Aaron Copland
Aaron Copland (November 14, 1900 – December 2, 1990) was an American composer of concert and film music. Instrumental in forging a distinctly American style of composition, he was widely known as “the dean of American composers.” Copland's music achieved a difficult balance between modern music and American folk styles, and the open, slowly changing harmonies of many of his works are said to evoke the vast American landscape. He incorporated percussive orchestration, changing meter, polyrhythms, polychords and tone rows. Outside of composing, Copland often served as a teacher and lecturer. During his career he also wrote books and articles, and served as a conductor, most frequently for his own works.
Biography
Copland was born in Brooklyn, New York, of Lithuanian Jewish descent. Before immigrating to the United States Copland's father anglicized his surname “Kaplan” to “Copland” while in England.
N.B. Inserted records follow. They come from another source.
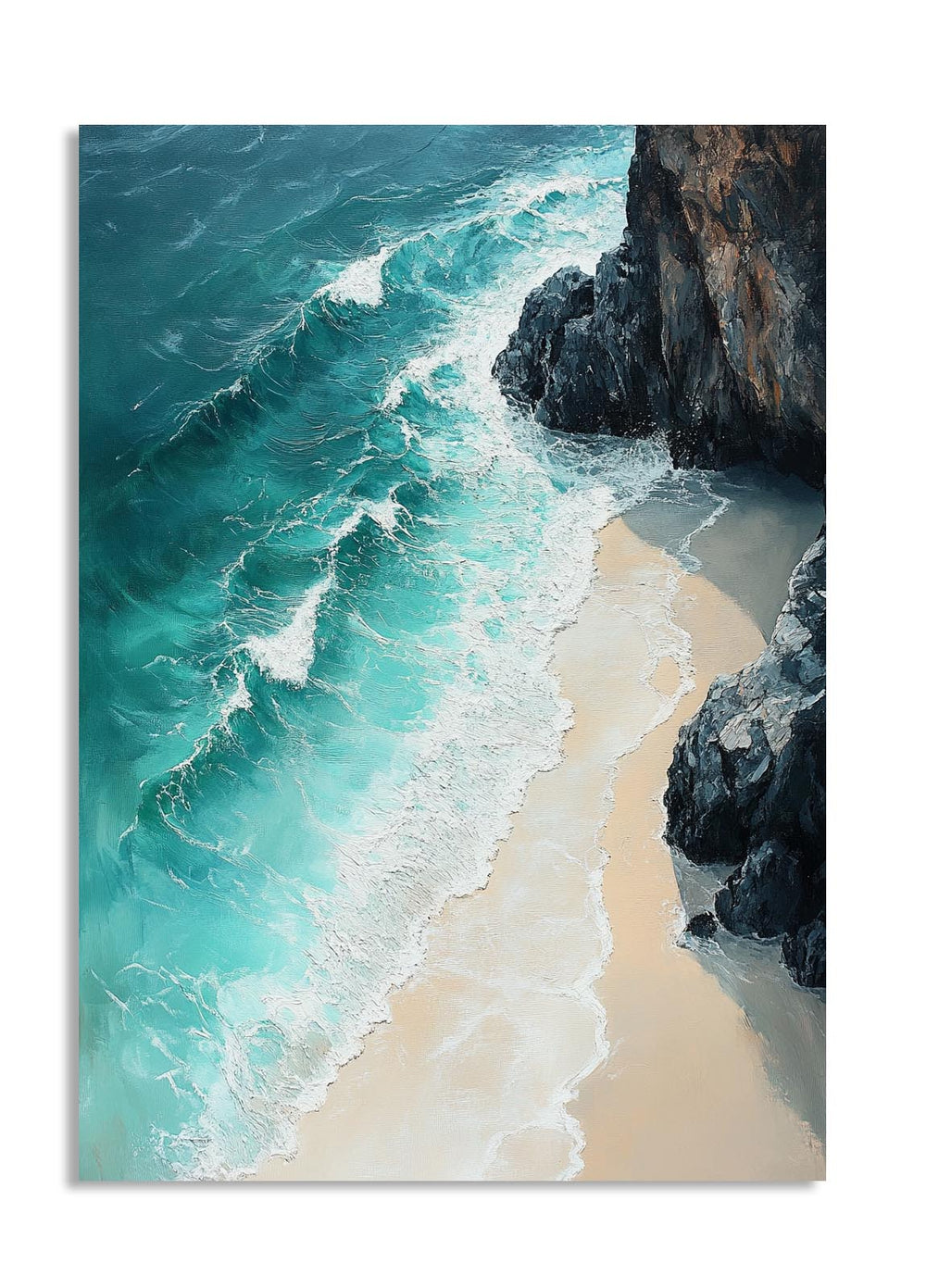 Turquoise ocean waves crashing against a rocky beach, as a premium aluminum metal print from GoMetalPrint.
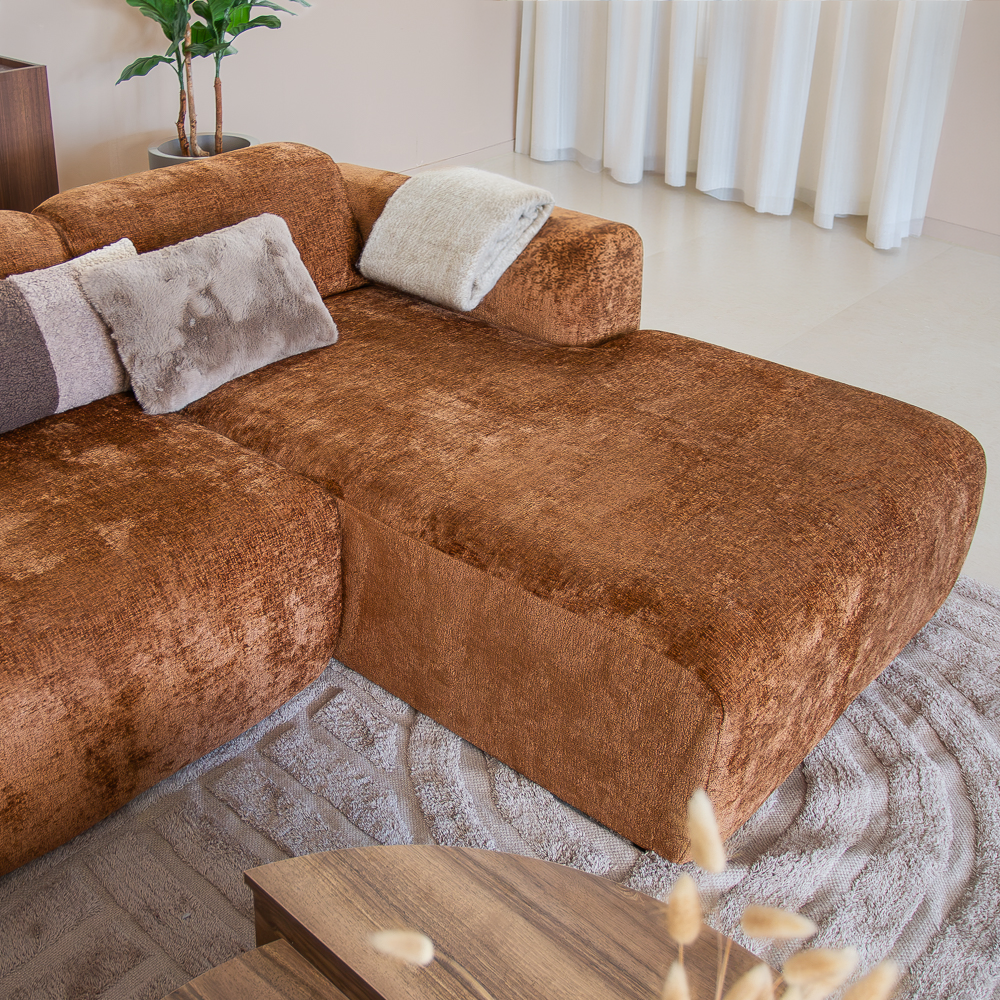 Hoekbank oker chenille stof - 292x170 cm - Shane - rechts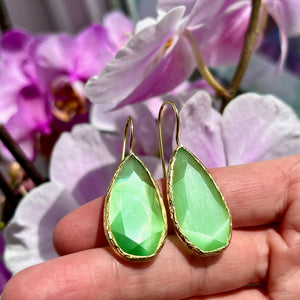 Boucles d’oreilles "FUJI" dorées or fin pierre naturelle Agate verte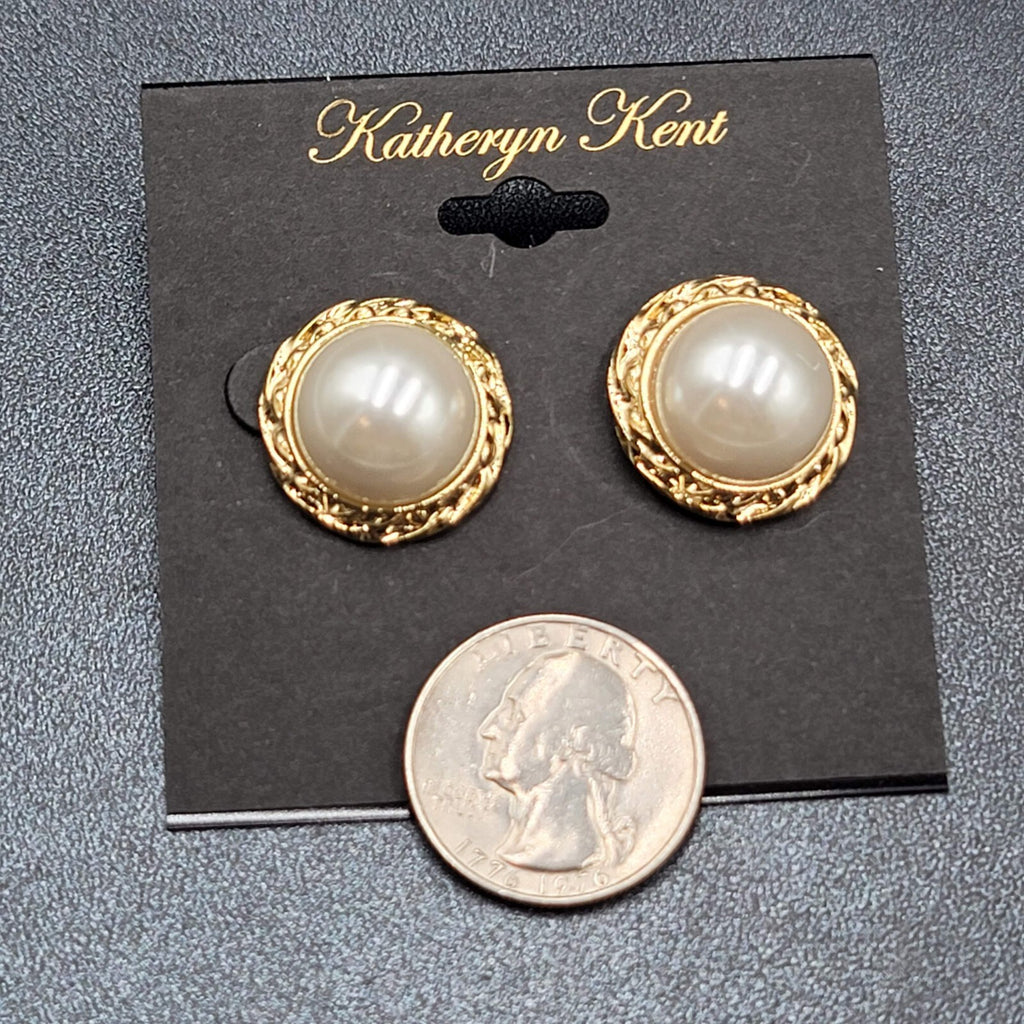 Katheryn Kent Pierced Earrings Gold tone Domed White Studs NOS 3/4"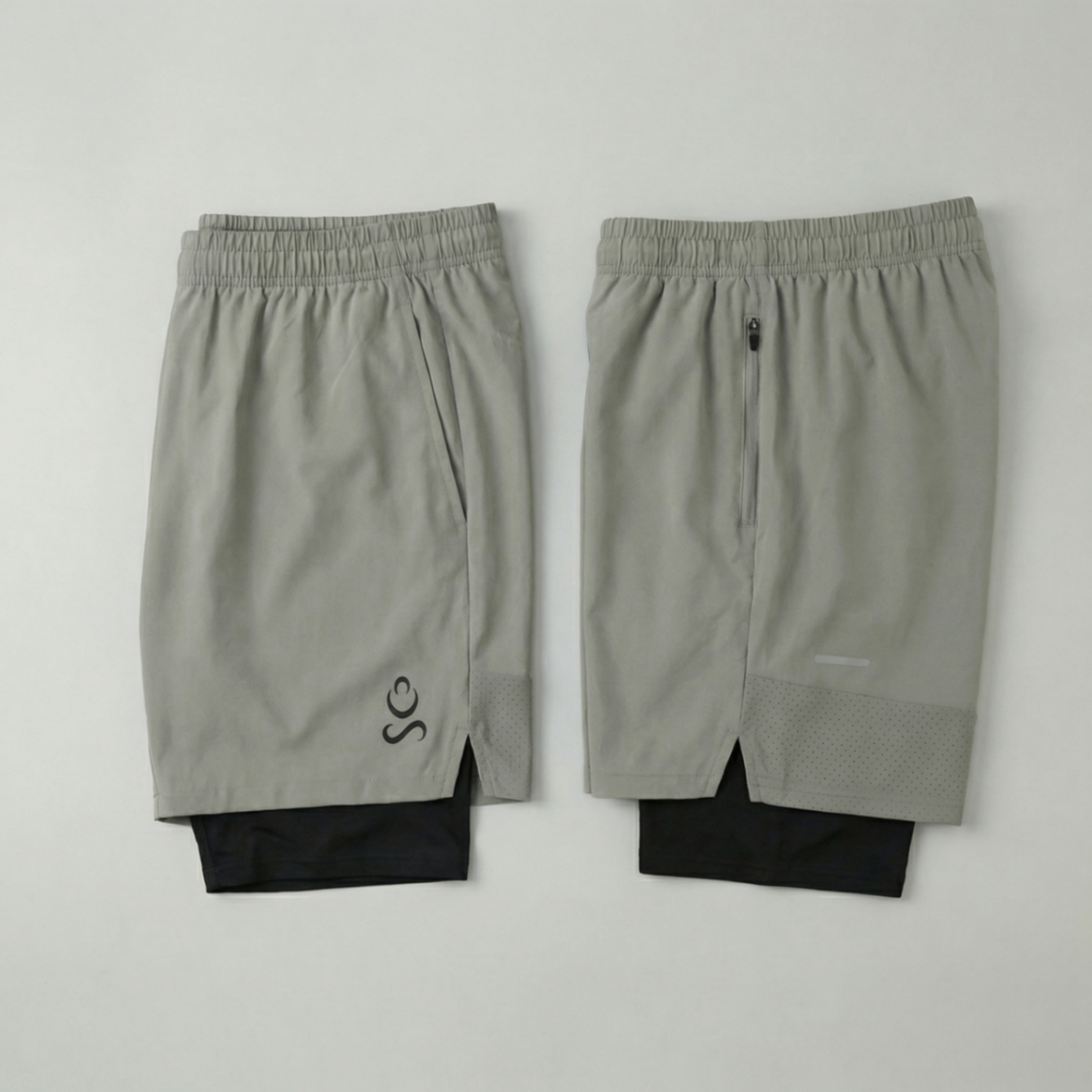 2 in 1 Shorts Green - front and back flat lay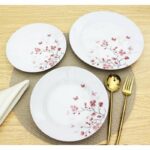 Comprar Servicio de mesa 18 piezas en porcelana roja mariposas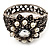 Vintage Imitation Pearl Rose Hinged Bangle Bracelet (Burn Silver) - view 11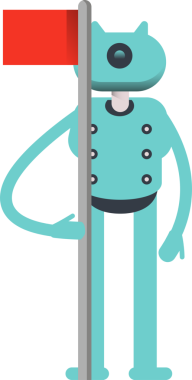 Robot Karakteri Bayrak Direğini Tutuyor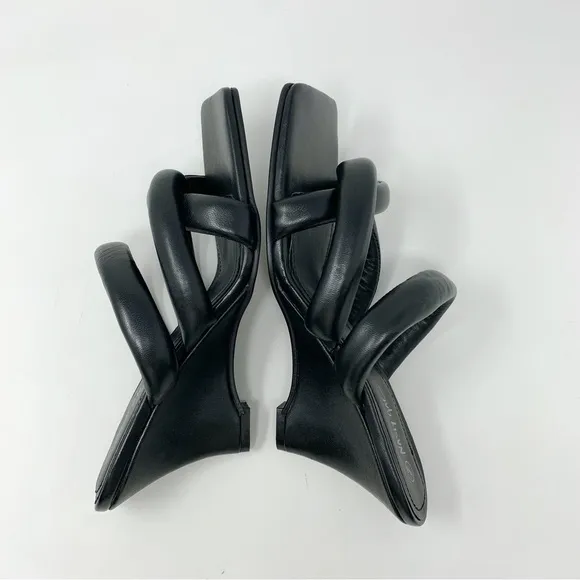 NEW $112 Nasty Gal Genuine Leather Twist Sandal Wedges Black US 8.5/EU 39/UK 6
He spent his childhood living above his parents' Brooklyn shop. Although his parents never encouraged or directly exposed him to music, at age of fifteen he had already taken an interest in the subject and aspired to be a composer. His musical education included time with Leopold Wolfsohn, Rubin Goldmark who also taught George Gershwin, and Nadia Boulanger at the Fontainebleau School of Music in Paris from 1921 to 1924. He was awarded a Guggenheim in Fellowship in 1925 and again in 1926.
Career
Upon his return from his studies in Paris, he decided that he wanted to write works that were "American in character" and thus he chose jazz as the American idiom. His first significant work was the necromantic ballet Grohg which contributed thematic material to his later Dance Symphony. Other major works of his first period (austere) include the Music for Theater in 1925, the Piano Variations in 1930, and in 1933 the Short Symphony. However, this jazz-inspired period was brief, as his style evolved toward the goal of writing more accessible works.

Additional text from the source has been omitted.